Question about Plan2explore

Question

Question about Plan2explore

TachikakaMin opened this issue 3 years ago · comments

For Plan2Explore, in expl.py the Class Plan2Explore will have a world model.

class Plan2Explore(common.Module):

  def __init__(self, config, act_space, wm, tfstep, reward):
    self.config = config
    self.reward = reward
    self.wm = wm

And this model will be WorldModel which is the same as dreamerv2.

class Agent(common.Module):

  def __init__(self, config, obs_space, act_space, step):
    self.config = config
    self.obs_space = obs_space
    self.act_space = act_space['action']
    self.step = step
    self.tfstep = tf.Variable(int(self.step), tf.int64)
    self.wm = WorldModel(config, obs_space, self.tfstep)
    self._task_behavior = ActorCritic(config, self.act_space, self.tfstep)
    if config.expl_behavior == 'greedy':
      self._expl_behavior = self._task_behavior
    else:
      self._expl_behavior = getattr(expl, config.expl_behavior)(
          self.config, self.act_space, self.wm, self.tfstep,
          lambda seq: self.wm.heads['reward'](seq['feat']).mode())

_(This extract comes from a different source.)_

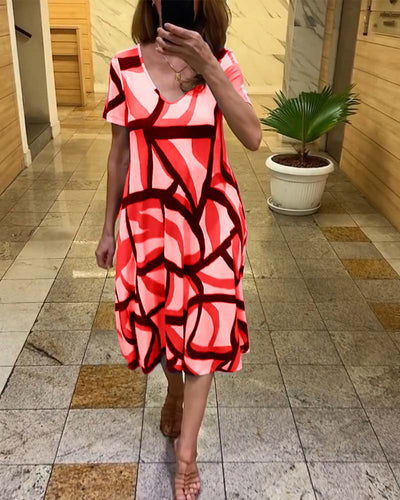 Tessa - Bedrucktes Kurzarmkleid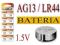 BATERIA LR44 AG13 A76 L1154 SR44W 357 GP76 10SZT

For worldmodel training, the code will encode all information include reward into encoder

def loss(self, data, state=None):
    data = self.preprocess(data)
    embed = self.encoder(data)

def preprocess(self, obs):
    dtype = prec.global_policy().compute_dtype
    obs = obs.copy()
    for key, value in obs.items():
      if key.startswith('log_'):
        continue
      if value.dtype == tf.int32:
        value = value.astype(dtype)
      if value.dtype == tf.uint8:
        value = value.astype(dtype) / 255.0 - 0.5
      obs[key] = value
    obs['reward'] = {
        'identity': tf.identity,
        'sign': tf.sign,
        'tanh': tf.tanh,
    }[self.config.clip_rewards](obs['reward'])
    obs['discount'] = 1.0 - obs['is_terminal'].astype(dtype)
    obs['discount'] *= self.config.discount
    return obs

class Encoder(common.Module):
  def _cnn(self, data):
    x = tf.concat(list(data.values()), -1)

But Plan2explore says there should not be env reward.

Danijar Hafner · Answer 1 · Tue Dec 07 2021 02:17:11 GMT+0800 (China Standard Time)

The line of the encoder you're showing is only applied to image observations, not the reward. You can choose which observation keys should be used via these config options:

encoder.mlp_keys: '.*'
encoder.cnn_keys: '.*'
decoder.mlp_keys: '.*'
decoder.cnn_keys: '.*'

But only images (rank 3 tensor) and vectors (rank 1 tensor) are supported. The reward is scalar (rank 0 tensor).